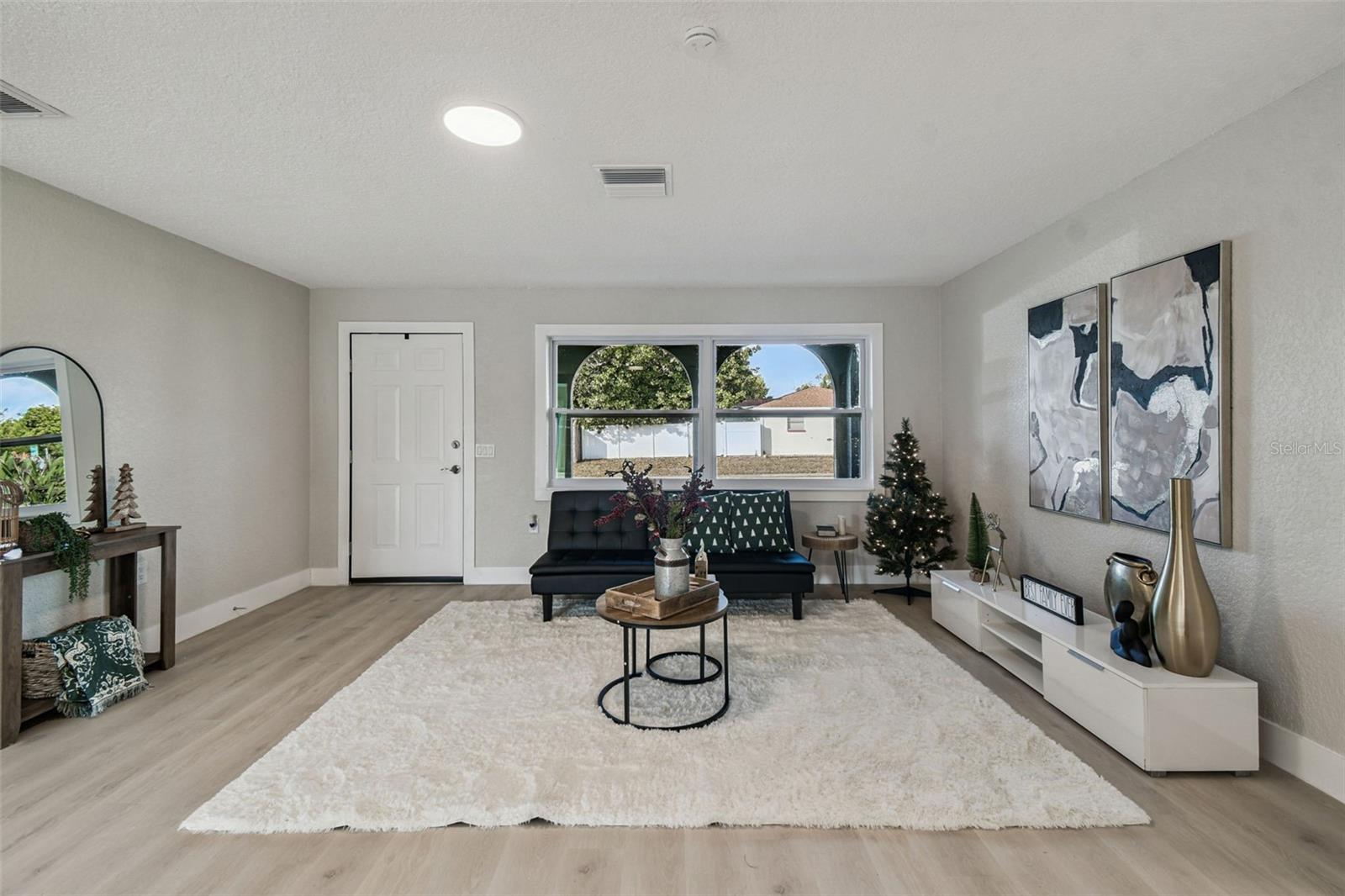 Image 9 of 68 For 5840 Otis Drive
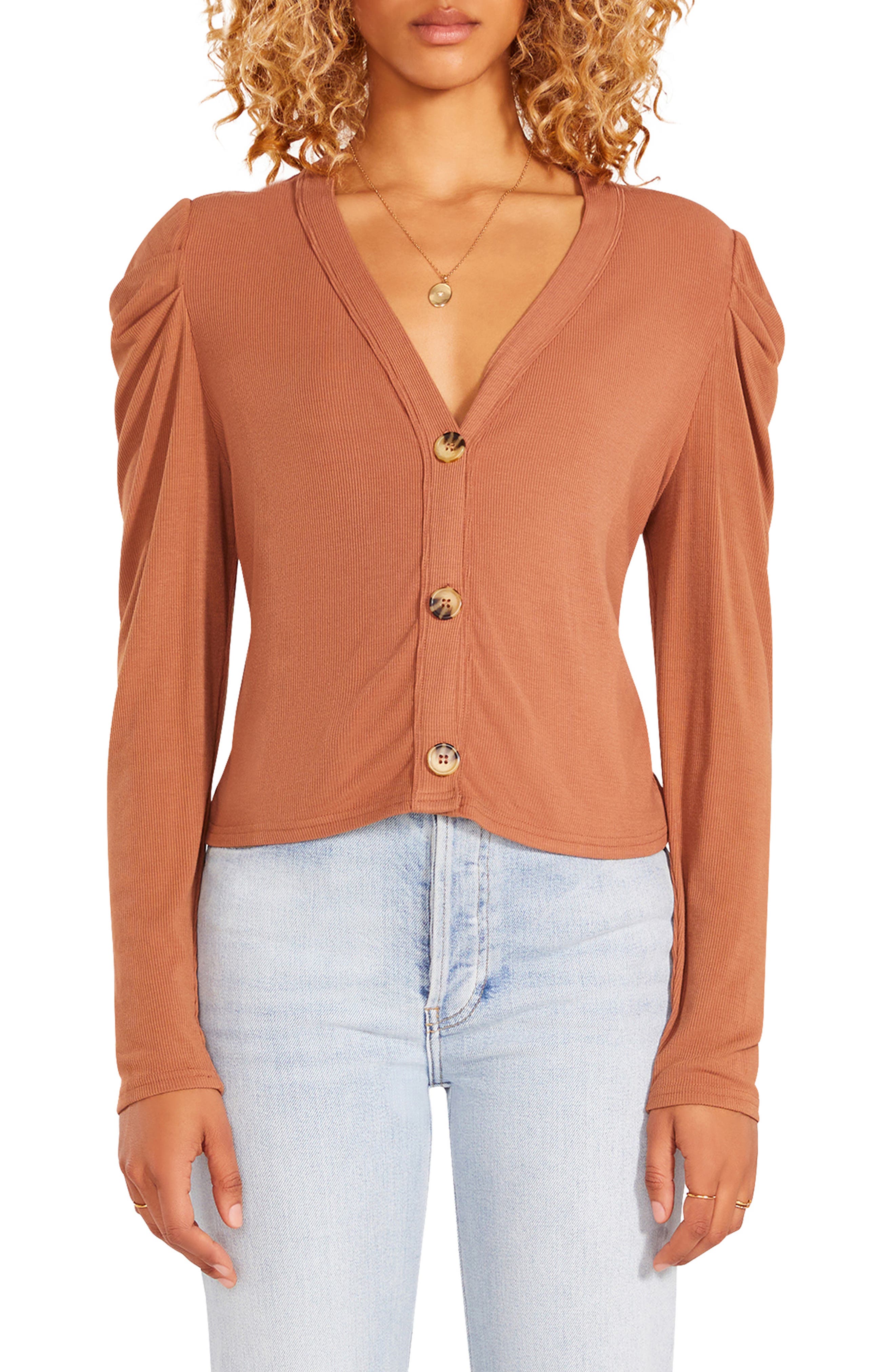 BB Dakota Womens Cool Runnings V-Neck Sweater BB Dakota Womens Cool Runnings V-Neck Sweater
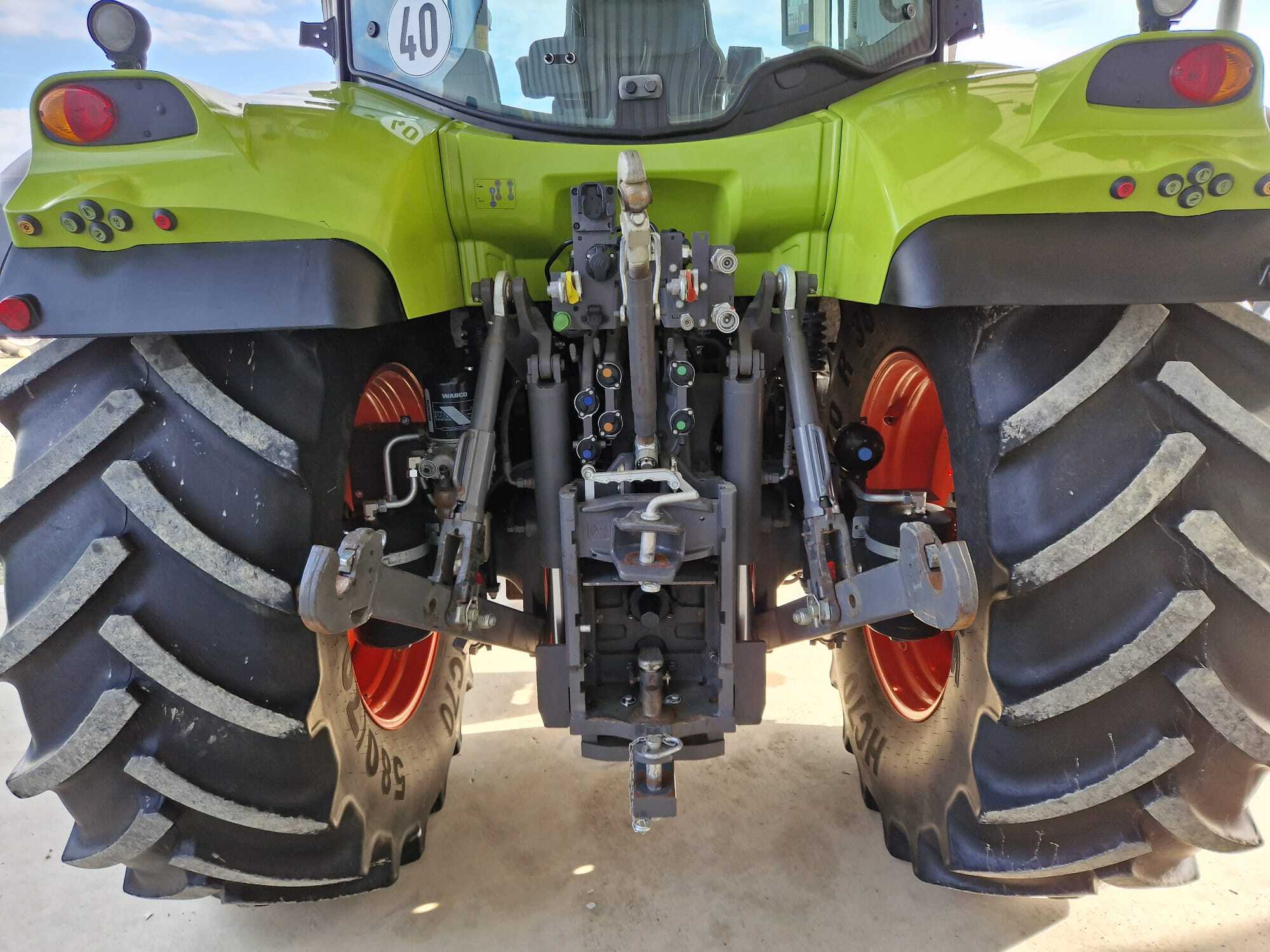 CLAAS ARION 610 CMATIC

□ □ □

▶ Activity:
The answer should be an exact copy of the material, with its pictures removed.

▶ The answer:
 Image 9 of 68 For 5840 Otis Drive
 BB Dakota Womens Cool Runnings V-Neck Sweater BB Dakota Womens Cool Runnings V-Neck Sweater
 CLAAS ARION 610 CMATIC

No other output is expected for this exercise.